The Philippines’ Fickle Fortunes

The Philippines are perhaps not known globally as the most vibrant economy, but over the last several years it’s complete economic turnaround has sent shockwaves throughout Asia. Its current president, Benigno Aquino, has assumed office in 2010 and in mere four years has managed to lift the country from its status as a developing country to one that aspires to join the ranks of the Asian Tiger club. During his presidency (which ends in 2016), rampant corruption has been almost eradicated, government spending increased by a large amount and a sturdy, cash-rich middle class emerged. But is all as rosy as it sounds in this ASEAN country?

The effect of Aquino’s reforms is felt most in the burgeoning middle class of the country. Philippines has one of the youngest populaces in SE Asia, with 1/3 of the country’s inhabitants just 15 years old or younger. This means that their parents are also quite young, and so the majority of the Philippines growing expendable income demographic is below 30.
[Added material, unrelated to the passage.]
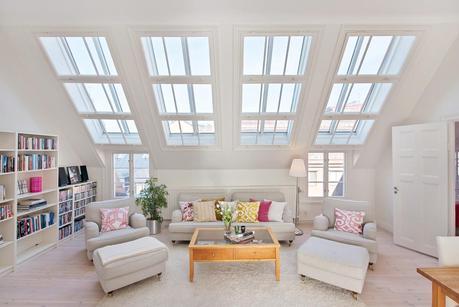 UNA BUHARDILLA DE ESTILO ESCANDINAVO MUY PRIMAVERAL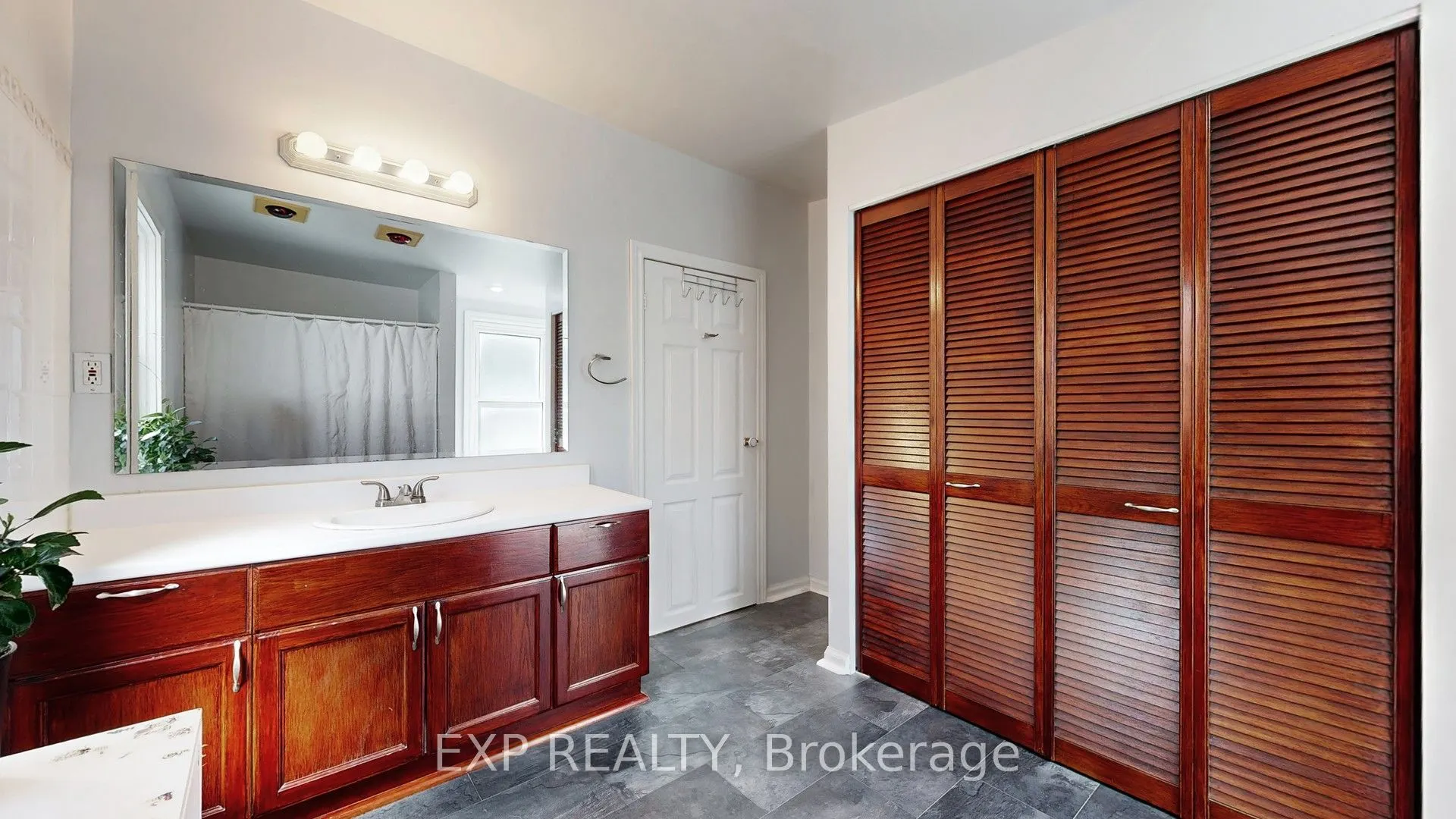 59 Vanevery Street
That’s a bona fide middle class, something unheard-of during the days of Ferdinand Marcos regime in the 1970s or the unstable economic situation that had plagued the country later in the century. The Philippines was actually called an Asian Tiger for a brief period of prosperity in the 1990s, but it wouldn’t last — the Asian economical crisis of 1997 hit everyone very hard. In the wake of the crisis, the poverty and unemployment rates had skyrocketed, while the deep-rooted government corruption stifled any attempts to improve the situation. Fast forward 15 years and things could not be more different.

„Whoever will take office in June 2016 will inherit an economy that has less debt, more able workers, fewer dependents, low borrowing costs, and excess savings,” says Trinh Nguyen, an analyst at HSBC in a report released by HSBC Holdings plc this month, in regard to Benigno Aquino’s successful rule and the future president of the country. Clearly, Benigno Aquino’s presidency will be remembered as the turning point for Philippines and anyone to succeed him will have very large shoes to fill.

Despite shared troubled past and current prosperity, the Philippines differs from the other contemporary Asian Tigers. Its good fortunes don’t depend on cheap labour or mass production. Manufacturing contributes only 23 percent of the country’s GDP, compared to more than 34 percent elsewhere in the region. The problematic part is lack of qualified workforce. Around a million Filipinos leave the islands every year in search of work, and no new skilled tech and engineering specialists take their place. Comparative narrowing of the manufacturing sector led to smaller outside investment, possibly hampering the country’s growth. Rajiv Biswas, an economist at IHS, says that, „The economy needs a more dynamic manufacturing sector to drive the jobs’ growth that it requires, but for that the investment climate needs to improve.” In his opinion, it’s excessive red tape that makes it harder for foreign investors to enter the market.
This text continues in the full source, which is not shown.